If there is a growth industry in Ketchikan, it’s the visitor industry.
Visitors support 1,750 of the 4,090 jobs in Alaska’s first city and inject $76 million in payroll.
These are some of the findings in a new Ketchikan Summer Visitor Profile and Economic Impact Analysis prepared by the McDowell Group.
An estimated 1,059,200 visitors traveled to Ketchikan last summer, and nearly all of them (95 percent) came by cruise ship. Four percent visited by air and 1 percent came on the ferry. That’s a 12 percent increase in cruise passengers since 2012, the year of the last economic impact study, 38 percent rise in air and a 22 percent decrease in ferry riders.
Air visitors spent the most, $872, with 75 percent of it going to lodging, food and packages.

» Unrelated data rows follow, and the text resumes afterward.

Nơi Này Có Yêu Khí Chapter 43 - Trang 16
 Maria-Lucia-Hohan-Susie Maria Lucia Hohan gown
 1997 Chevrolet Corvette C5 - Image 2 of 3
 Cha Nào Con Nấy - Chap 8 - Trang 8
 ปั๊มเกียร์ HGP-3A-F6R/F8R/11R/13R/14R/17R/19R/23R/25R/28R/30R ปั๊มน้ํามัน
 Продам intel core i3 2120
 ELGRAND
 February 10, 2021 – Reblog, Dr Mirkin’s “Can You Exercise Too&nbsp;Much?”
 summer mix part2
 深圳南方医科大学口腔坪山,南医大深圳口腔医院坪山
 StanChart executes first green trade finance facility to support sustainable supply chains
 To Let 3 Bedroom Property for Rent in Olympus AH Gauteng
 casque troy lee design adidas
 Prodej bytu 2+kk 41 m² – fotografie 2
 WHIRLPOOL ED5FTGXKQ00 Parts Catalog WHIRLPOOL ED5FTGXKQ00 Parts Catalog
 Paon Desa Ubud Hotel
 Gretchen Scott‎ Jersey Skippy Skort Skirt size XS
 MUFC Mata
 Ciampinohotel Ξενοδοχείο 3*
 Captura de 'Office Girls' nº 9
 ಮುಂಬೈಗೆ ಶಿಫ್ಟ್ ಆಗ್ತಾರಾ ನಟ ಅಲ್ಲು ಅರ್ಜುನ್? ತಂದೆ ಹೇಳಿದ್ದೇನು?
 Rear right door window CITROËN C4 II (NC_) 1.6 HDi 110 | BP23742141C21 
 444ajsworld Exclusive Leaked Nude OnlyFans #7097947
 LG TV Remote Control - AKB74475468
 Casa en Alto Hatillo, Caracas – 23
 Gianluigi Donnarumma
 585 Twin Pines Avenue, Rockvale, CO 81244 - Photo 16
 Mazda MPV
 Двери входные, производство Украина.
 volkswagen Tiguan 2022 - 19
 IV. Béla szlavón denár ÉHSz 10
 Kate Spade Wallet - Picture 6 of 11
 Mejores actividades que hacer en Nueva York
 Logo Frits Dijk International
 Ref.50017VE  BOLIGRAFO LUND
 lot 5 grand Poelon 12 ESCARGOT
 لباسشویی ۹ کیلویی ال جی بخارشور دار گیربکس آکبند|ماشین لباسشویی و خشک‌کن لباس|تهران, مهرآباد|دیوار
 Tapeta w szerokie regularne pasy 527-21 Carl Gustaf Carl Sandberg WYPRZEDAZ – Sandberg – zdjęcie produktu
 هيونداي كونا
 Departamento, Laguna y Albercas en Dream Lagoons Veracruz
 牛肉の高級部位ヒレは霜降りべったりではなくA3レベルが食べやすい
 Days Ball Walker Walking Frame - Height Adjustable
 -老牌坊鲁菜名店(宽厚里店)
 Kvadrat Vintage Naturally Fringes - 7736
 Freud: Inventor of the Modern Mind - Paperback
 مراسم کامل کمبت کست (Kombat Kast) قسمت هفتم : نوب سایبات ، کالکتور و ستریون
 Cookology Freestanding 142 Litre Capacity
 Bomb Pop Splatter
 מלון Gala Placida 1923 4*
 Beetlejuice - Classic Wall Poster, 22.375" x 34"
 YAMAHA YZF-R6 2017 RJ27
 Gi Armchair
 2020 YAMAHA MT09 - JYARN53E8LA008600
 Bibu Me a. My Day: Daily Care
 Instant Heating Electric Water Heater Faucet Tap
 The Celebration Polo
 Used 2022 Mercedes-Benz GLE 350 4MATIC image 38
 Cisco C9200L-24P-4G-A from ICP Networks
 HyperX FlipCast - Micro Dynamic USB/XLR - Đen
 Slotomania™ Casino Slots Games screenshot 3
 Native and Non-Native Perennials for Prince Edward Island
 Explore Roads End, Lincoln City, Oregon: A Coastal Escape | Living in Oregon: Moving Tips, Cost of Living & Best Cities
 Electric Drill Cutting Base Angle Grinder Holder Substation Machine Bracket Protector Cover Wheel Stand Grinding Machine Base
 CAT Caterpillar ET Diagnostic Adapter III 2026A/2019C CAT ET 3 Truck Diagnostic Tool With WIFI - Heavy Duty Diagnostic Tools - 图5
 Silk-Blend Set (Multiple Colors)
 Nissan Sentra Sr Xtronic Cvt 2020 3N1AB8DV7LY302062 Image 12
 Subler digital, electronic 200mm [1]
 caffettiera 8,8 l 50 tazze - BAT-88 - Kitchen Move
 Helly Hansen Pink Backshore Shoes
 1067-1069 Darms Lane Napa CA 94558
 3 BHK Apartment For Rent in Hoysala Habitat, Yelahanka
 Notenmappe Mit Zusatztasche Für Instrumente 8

Cruise passengers spent an average of $158, with 93 percent going for gifts and tours.
In total, visitors added $187 million to Ketchikan’s economy, cruise line spending another $29 million and crew spending totaled $7 million.
The visitor industry generated nearly $19 million in revenues to the Ketchikan Borough and City of Ketchikan in the form of dockage/moorage ($9 million), sales tax ($5 million) and $4.3 million from the statewide Commercial Passenger Vessel tax.